In your opinion request letter, you state that, "I am interested in an opinion of the Attorney General to determine whether a State Senator can become a member of the Nebraska National Guard." You then list as possible concerns "employee status conflicts, and conflicts related to the separation of powers between the Governor of Nebraska and the President of the United States due to separate allegiances that are required for serving in both the capacity of as [sic] a National Guard, member and as a State Senator." Our response to your question is set out below.

We have discussed your opinion request with members of your staff, and we understand that your question concerning service in the Nebraska National Guard by a member of the Legislature contemplates a situation where the Legislator serves in the Guard as a commissioned officer rather than as an enlistee. We also understand that the officer position in the Guard at issue would not be as a full time member of the Adjutant General's staff, but instead would involve part time service as a commissioned officer in the Guard. We will respond to your question within those parameters.
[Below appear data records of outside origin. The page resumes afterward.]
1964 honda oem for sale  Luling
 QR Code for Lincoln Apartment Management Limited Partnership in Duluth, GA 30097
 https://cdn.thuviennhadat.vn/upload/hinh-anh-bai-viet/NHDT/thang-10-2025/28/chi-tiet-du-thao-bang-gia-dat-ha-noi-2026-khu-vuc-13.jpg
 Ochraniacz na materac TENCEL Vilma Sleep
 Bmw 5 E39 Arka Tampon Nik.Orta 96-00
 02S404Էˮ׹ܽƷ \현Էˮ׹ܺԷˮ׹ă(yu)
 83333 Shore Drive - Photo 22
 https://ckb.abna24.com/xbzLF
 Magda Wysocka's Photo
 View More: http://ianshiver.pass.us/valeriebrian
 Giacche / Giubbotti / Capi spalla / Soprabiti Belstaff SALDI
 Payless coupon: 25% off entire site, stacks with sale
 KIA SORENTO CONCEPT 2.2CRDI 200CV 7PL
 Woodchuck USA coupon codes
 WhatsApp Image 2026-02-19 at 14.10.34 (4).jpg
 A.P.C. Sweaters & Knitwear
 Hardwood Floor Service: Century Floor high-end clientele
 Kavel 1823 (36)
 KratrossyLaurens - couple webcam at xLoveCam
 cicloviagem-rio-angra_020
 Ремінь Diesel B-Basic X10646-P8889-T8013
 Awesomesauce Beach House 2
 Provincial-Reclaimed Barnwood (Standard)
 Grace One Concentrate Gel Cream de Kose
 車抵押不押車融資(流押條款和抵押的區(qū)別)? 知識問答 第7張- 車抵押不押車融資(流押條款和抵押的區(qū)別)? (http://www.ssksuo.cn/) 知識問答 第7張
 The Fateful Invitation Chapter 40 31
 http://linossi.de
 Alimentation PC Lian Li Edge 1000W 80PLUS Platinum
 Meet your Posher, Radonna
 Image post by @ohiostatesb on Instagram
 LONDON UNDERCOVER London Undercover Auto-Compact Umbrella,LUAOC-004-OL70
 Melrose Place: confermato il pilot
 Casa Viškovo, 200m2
Art. XIV, § 1 of the Nebraska Constitution states that, "the Legislature may provide for the personnel, organization, and discipline of the militia of this state." In addition, Art. IV, 14 of the same document provides that, "the Governor shall be commander-in-chief of the military and naval forces of the state (except when they shall be called into the service of the United States) and may call out the same to execute the laws, suppress insurrection, and repel invasion." Apart from those constitutional provisions, the Nebraska statutes governing the Nebraska National Guard are found generally as a part of the Military Code, Neb. Rev. Star. §§ 55-101 through 55-180 (1993, Supp. 1995). Under ~§ 55-120 and 55-121, the Military Department in Nebraska consists of an Adjutant General appointed by the Governor and such additional military and civilian staff as prescribed by the laws of this State and the United States. Section 55-137 provides that officers in the Military Department shall be commissioned by the Governor, and that their commissions shall designate the arm, staff corps or department and/or the unit to which they are assigned. Section 55-157 provides for the compensation of military officers when they are in the active service of the State.

The United States Code also contains a number of federal statutes dealing with the National Guard forces of the various states and their interface with the regular armed forces of the United States. Those statutes are found generally in Title 32 of the United States Code which deals specifically with the National Guard, and Title i0 of the United States Code which deals with the national armed forces. Under 32 U.S.C. § 307, commissioned officers in the Nebraska National Guard are eligible for Federal recognition. Federal recognition, in turn, means that the commissioned officer in the Nebraska National Guard is also simultaneously a commissioned officer in the reserve component of the equivalent federal service at the same grade. For example, a captain in the Nebraska Army National Guard would, upon Federal recognition, also become a captain in the federal Army Reserve. 32 U.S.C. ~ 312 also requires that persons appointed as officers of the national guard of a state must subscribe to the following oath:

I, do solemnly swear (or affirm) that I will support and defend the Constitution of the United States and the Constitution of the State of .... against all enemies, foreign and domestic; that I will bear true faith and allegiance to the same; that I will obey the orders of the President of the United States and of the Governor of the State of that I make this obligation freely, without any mental reservation or purpose of evasion, and that I will well and faithfully
discharge the duties of the office of in the National Guard of the State of upon which I am about to enter, so help me God.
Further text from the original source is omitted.